Blood Test Predicts Food Allergy and Severity
The outlook for effective food allergy testing is growing brighter. New York researchers have discovered that a form of blood test called the Basophil Activation Test (or BAT) has the potential to predict how severe an individual’s reactions to a specific food allergen would be.
In their study, Mount Sinai researchers took blood samples from 67 patients between the ages of 12 and 45. The samples were then subjected to the BAT process, which tallies the number of basophils, a type of immune cell, that respond when blood is exposed to a food allergen.
The participants also underwent oral challenges (in which the person eats a food to test for symptoms). They were given either small amounts of common allergens to consume – peanut, tree nut, fish, shellfish, or sesame – or a placebo. Significantly, the study revealed that basophil activation results bore a close correlation with the severity of reactions in the oral food challenges.
If further study backs these findings, this approach would signal a major evolution in the ability to diagnose allergy severity. Study author Dr. Xiu-Min Li, a researcher in both The Mindich Child Health and Development Institute and the Jaffe Food Allergy at Mount Sinai, where the research was conducted, also noted that BAT could be useful in allergy screening in general. “It seems at least for the most persistent food allergies, this is an additional tool to help for the diagnosis process,” she told Allergic Living.
Typically, food allergies are diagnosed through a combination of skin-prick tests, blood tests that measure levels of IgE allergy antibodies, and the patient’s history of symptoms. None of the current tests, however, indicates whether the allergen will simply set off uncomfortable symptoms such as itchy hives, or whether it could send the patient into life-threatening anaphylaxis.
While an oral food challenge is a far more accurate test, the process itself can prompt a severe reaction. “Having blood drawn for BAT is a much less difficult procedure than food challenges,” says Dr. Ying Song, one of the study’s authors. “Although food challenges are widely practiced, they carry the risk of severe allergic reactions, and we hope that BAT can be developed further to provide accurate information in a safe manner,” she said.

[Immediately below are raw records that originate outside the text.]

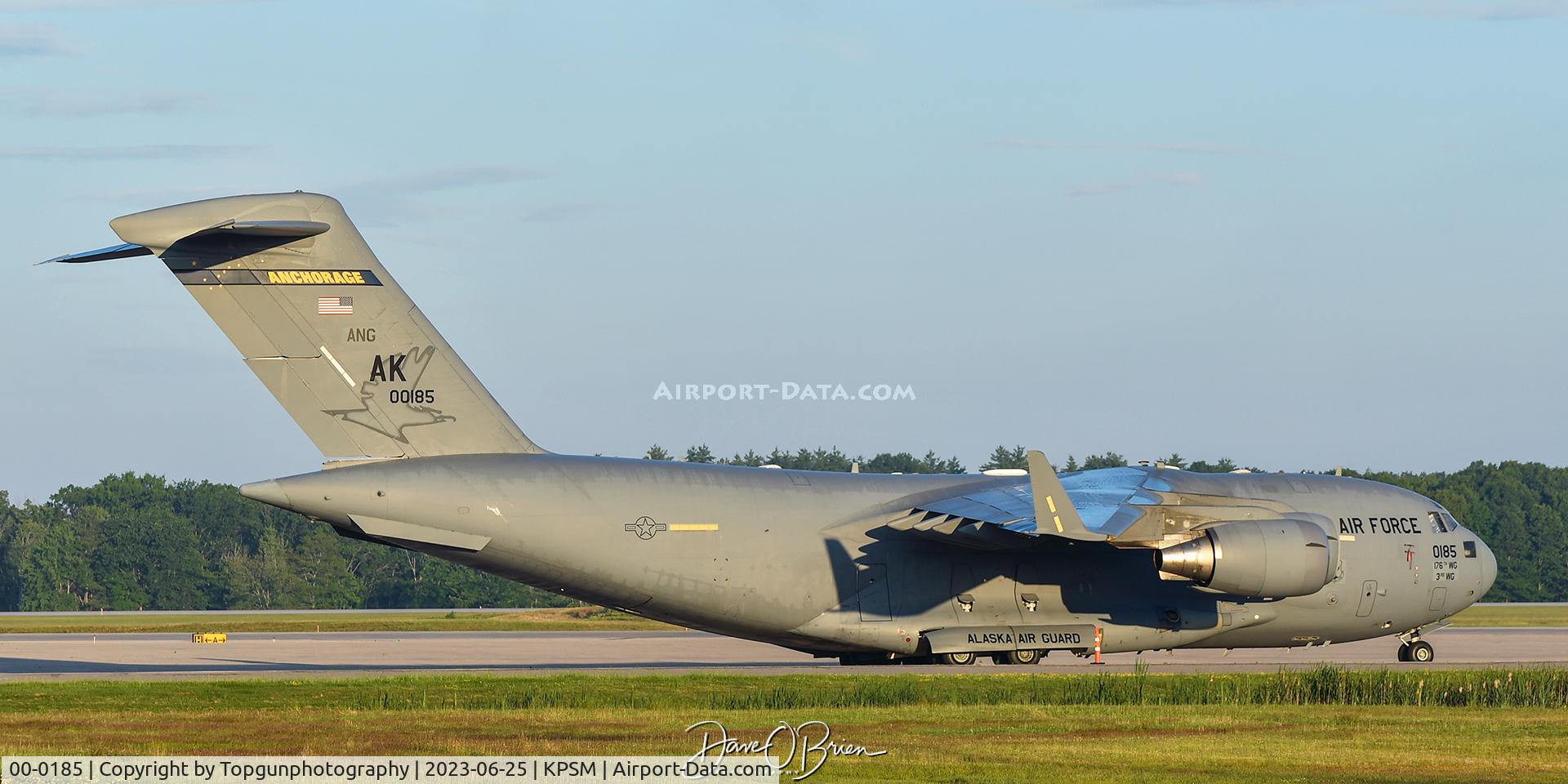 00-0185, 2000 Boeing C-17A Globemaster III C/N 50093/F092, REACH809 resting on the ramp after coming in overnight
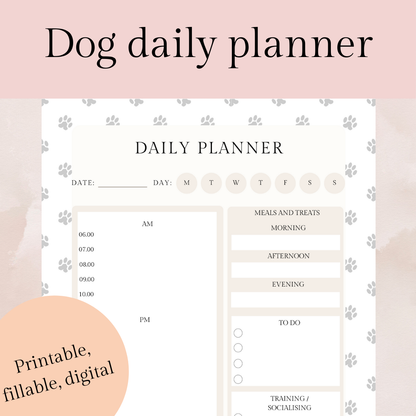 Daily dog planner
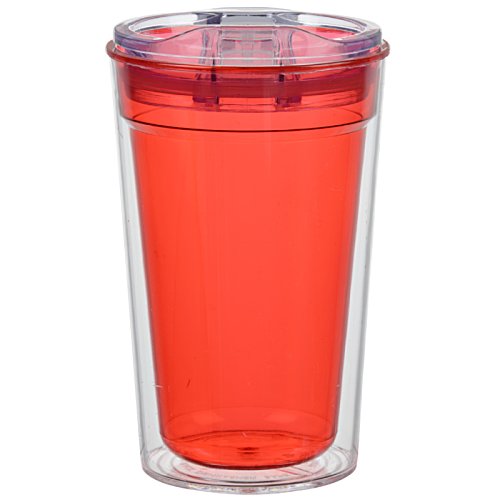 Additional Image 1 - a red plastic cup with a lid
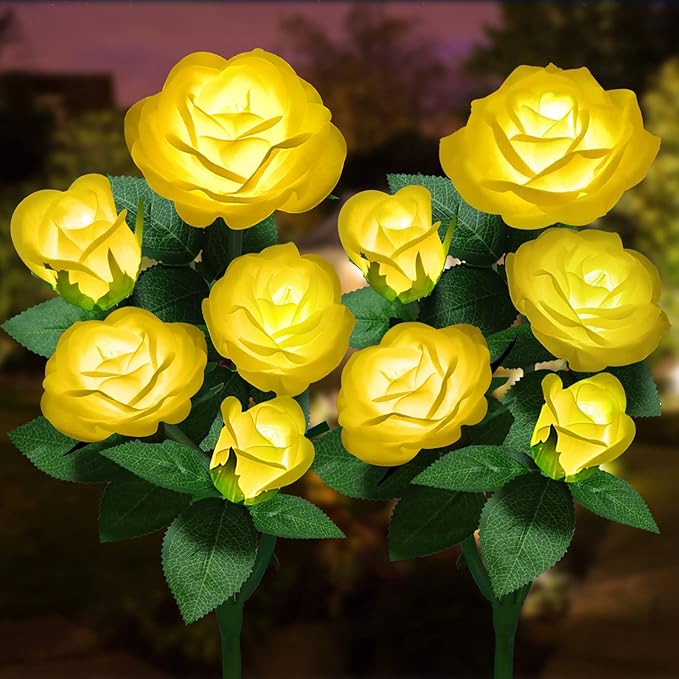 Solar Flower Lights Outdoor - Upgraded New Material Two Modes Realistic LED Solar Powered Waterproof Lights with 5 Roses, Solar Decorative Stake Lights for Garden (Yellow, 2 Pack) LightYourLife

Mount Sinai is not alone in making advances on the allergy testing front with its study (which was published online on April 1, 2015 in The Annals of Allergy, Asthma & Immunology).
Stanford University’s Dr. Kari Nadeau and her team are developing two blood tests, one of which appears to gauge both an allergy and severity, while the other identifies genes that have a role in suppressing the allergic response in food allergy.
Researchers at the University of Connecticut are also investigating blood test with similar predictive capabilities specifically for peanut allergy. The test, developed by three chemists, observes if a patient’s blood reacts to specific allergenic parts of peanut proteins and how intense the reaction is based blood antibody levels.
However, these blood tests are still at the experimental stages. Li cautions that the BAT process requires further refining, so it may take a few years before such tests to reach the allergist’s office.
“Although the blood basophil activation test has been shown to be an important addition to the tools available for discriminating between allergic and non-allergic individuals and predicting the severity of food allergy reactions, at this time it is only approved for research purposes,” she said.
In the future, Li says this type of testing could be applied to other food allergies and possibly even drug or insect allergies. However, she does not think that BAT will completely replace the current tests. Rather, “it’s an additional tool to existing practice,” she says.